[Start of Attachment]

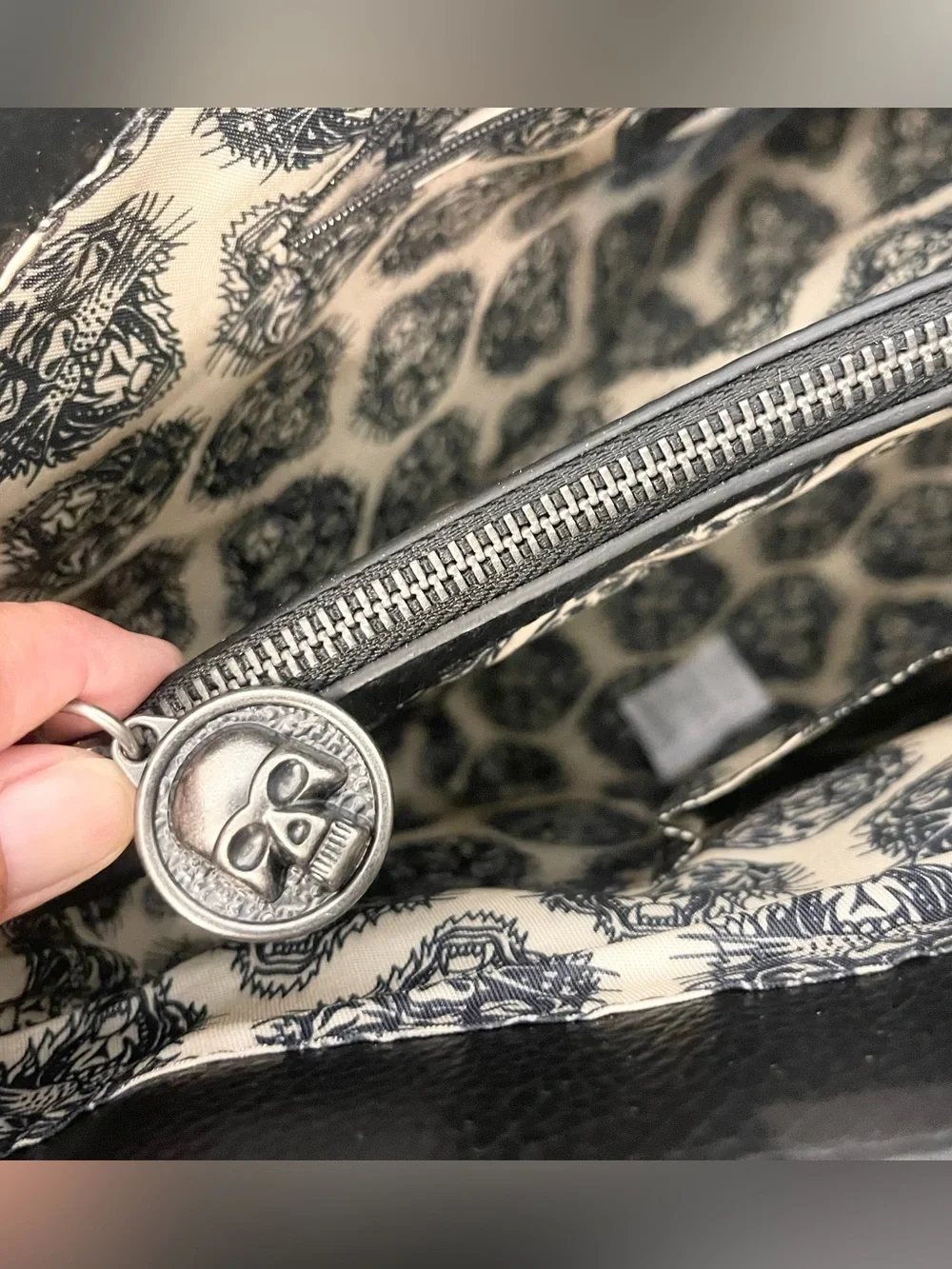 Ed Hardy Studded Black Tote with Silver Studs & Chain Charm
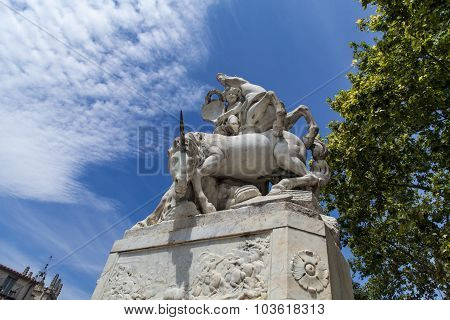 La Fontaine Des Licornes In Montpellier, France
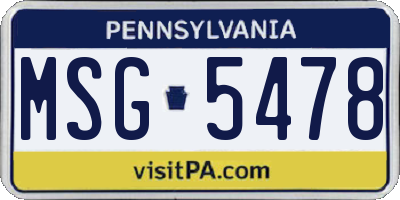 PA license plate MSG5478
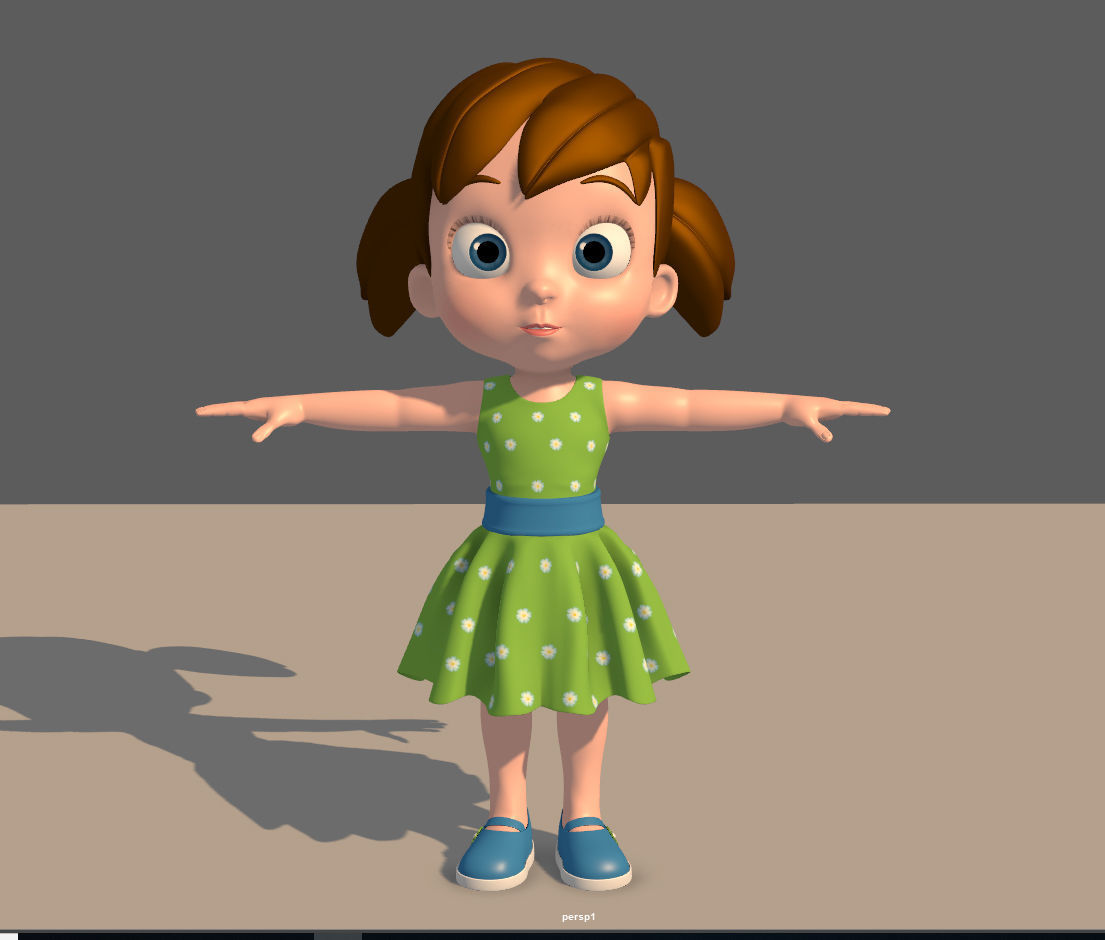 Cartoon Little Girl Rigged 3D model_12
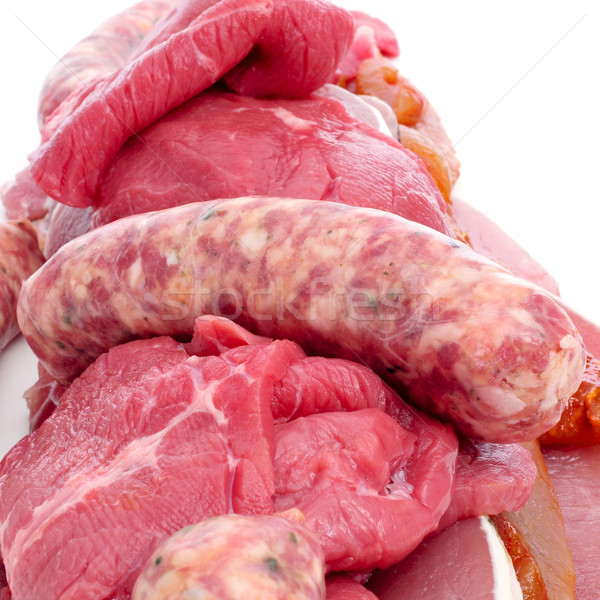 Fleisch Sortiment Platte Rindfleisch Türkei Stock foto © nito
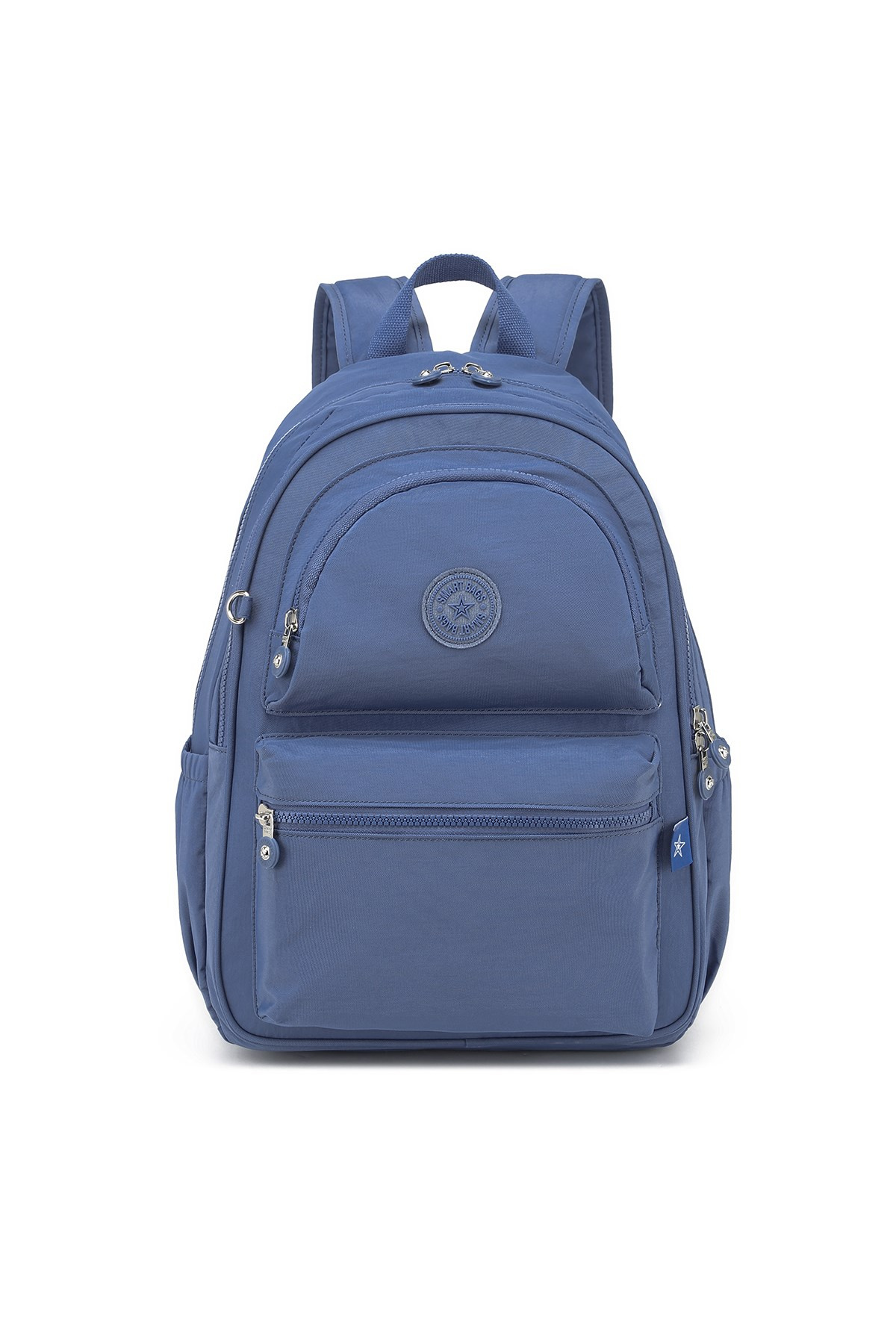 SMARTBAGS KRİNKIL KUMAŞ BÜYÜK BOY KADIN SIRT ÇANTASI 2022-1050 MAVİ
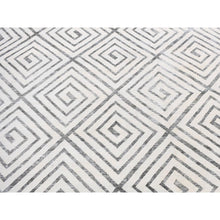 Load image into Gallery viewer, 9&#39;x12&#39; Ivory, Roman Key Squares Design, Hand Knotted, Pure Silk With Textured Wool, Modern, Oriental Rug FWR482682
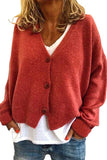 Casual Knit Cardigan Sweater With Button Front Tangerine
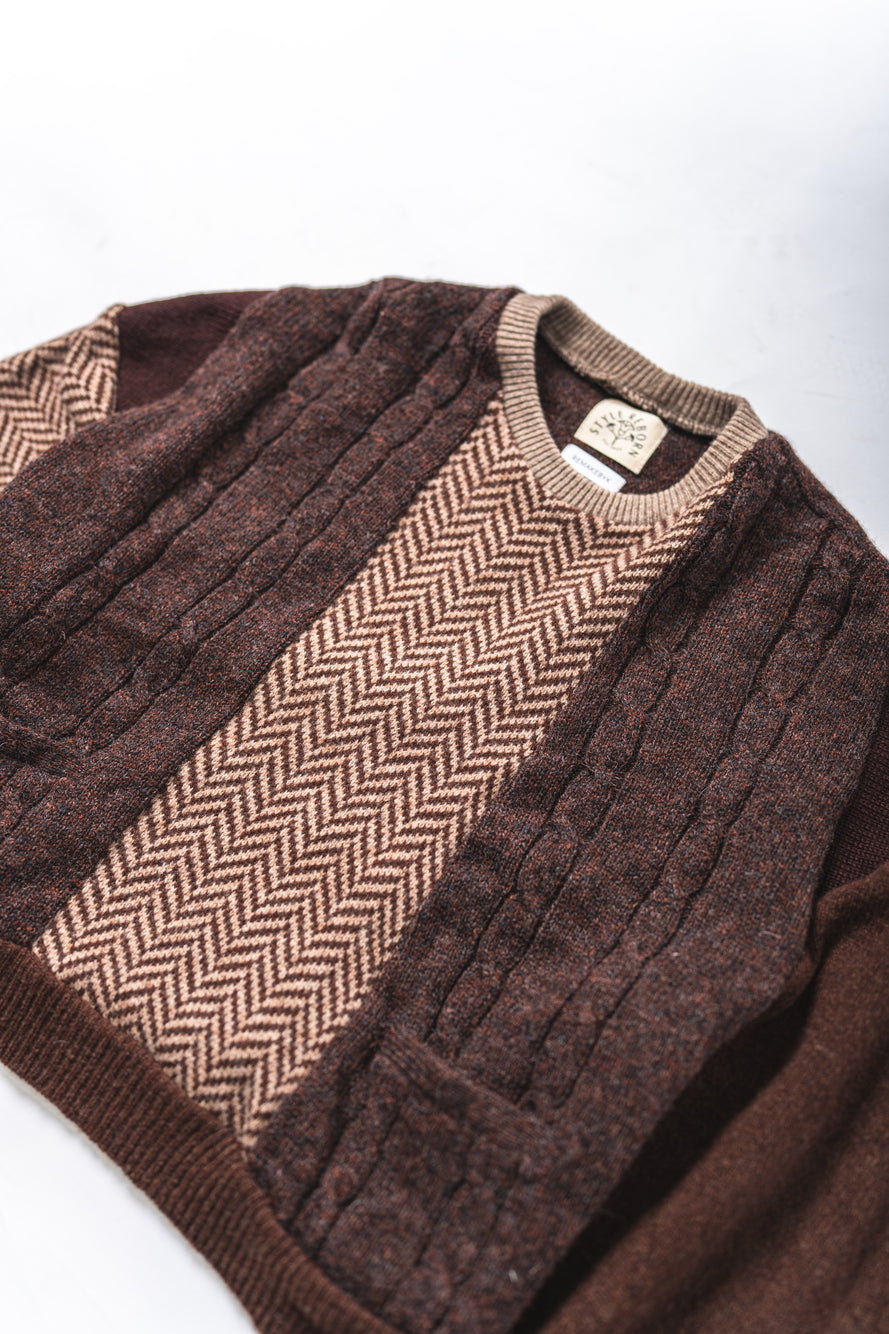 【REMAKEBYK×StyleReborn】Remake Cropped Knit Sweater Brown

[End of Attachment]

Problem requirements
Reproduce the material exactly; keep pictures out.

Task output
 Ed Hardy Studded Black Tote with Silver Studs & Chain Charm
 La Fontaine Des Licornes In Montpellier, France
 PA license plate MSG5478
 Cartoon Little Girl Rigged 3D model_12
 Fleisch Sortiment Platte Rindfleisch Türkei Stock foto © nito
 SMARTBAGS KRİNKIL KUMAŞ BÜYÜK BOY KADIN SIRT ÇANTASI 2022-1050 MAVİ
 Load image into Gallery viewer, 9&#39;x12&#39; Ivory, Roman Key Squares Design, Hand Knotted, Pure Silk With Textured Wool, Modern, Oriental Rug FWR482682
 Casual Knit Cardigan Sweater With Button Front Tangerine
 【REMAKEBYK×StyleReborn】Remake Cropped Knit Sweater Brown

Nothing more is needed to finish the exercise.